◆ **EXERCISE PROMPT**
Each entry has to be reproduced in full, exactly as given.

───── DATA RECORDS

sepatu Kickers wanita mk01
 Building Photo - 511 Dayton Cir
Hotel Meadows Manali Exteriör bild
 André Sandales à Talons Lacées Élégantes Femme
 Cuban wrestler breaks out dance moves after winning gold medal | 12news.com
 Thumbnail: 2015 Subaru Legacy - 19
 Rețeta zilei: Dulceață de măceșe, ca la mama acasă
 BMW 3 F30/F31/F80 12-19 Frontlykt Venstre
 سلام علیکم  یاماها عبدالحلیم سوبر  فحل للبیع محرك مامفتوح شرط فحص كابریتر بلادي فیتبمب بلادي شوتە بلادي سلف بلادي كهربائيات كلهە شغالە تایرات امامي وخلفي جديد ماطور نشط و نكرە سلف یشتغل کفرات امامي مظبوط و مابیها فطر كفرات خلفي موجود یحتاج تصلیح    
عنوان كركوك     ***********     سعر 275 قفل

──────────

◆ **ANSWER AREA**
sepatu Kickers wanita mk01
 Building Photo - 511 Dayton Cir
Hotel Meadows Manali Exteriör bild
 André Sandales à Talons Lacées Élégantes Femme
 Cuban wrestler breaks out dance moves after winning gold medal | 12news.com
 Thumbnail: 2015 Subaru Legacy - 19
 Rețeta zilei: Dulceață de măceșe, ca la mama acasă
 BMW 3 F30/F31/F80 12-19 Frontlykt Venstre
 سلام علیکم  یاماها عبدالحلیم سوبر  فحل للبیع محرك مامفتوح شرط فحص كابریتر بلادي فیتبمب بلادي شوتە بلادي سلف بلادي كهربائيات كلهە شغالە تایرات امامي وخلفي جديد ماطور نشط و نكرە سلف یشتغل کفرات امامي مظبوط و مابیها فطر كفرات خلفي موجود یحتاج تصلیح    
عنوان كركوك     ***********     سعر 275 قفل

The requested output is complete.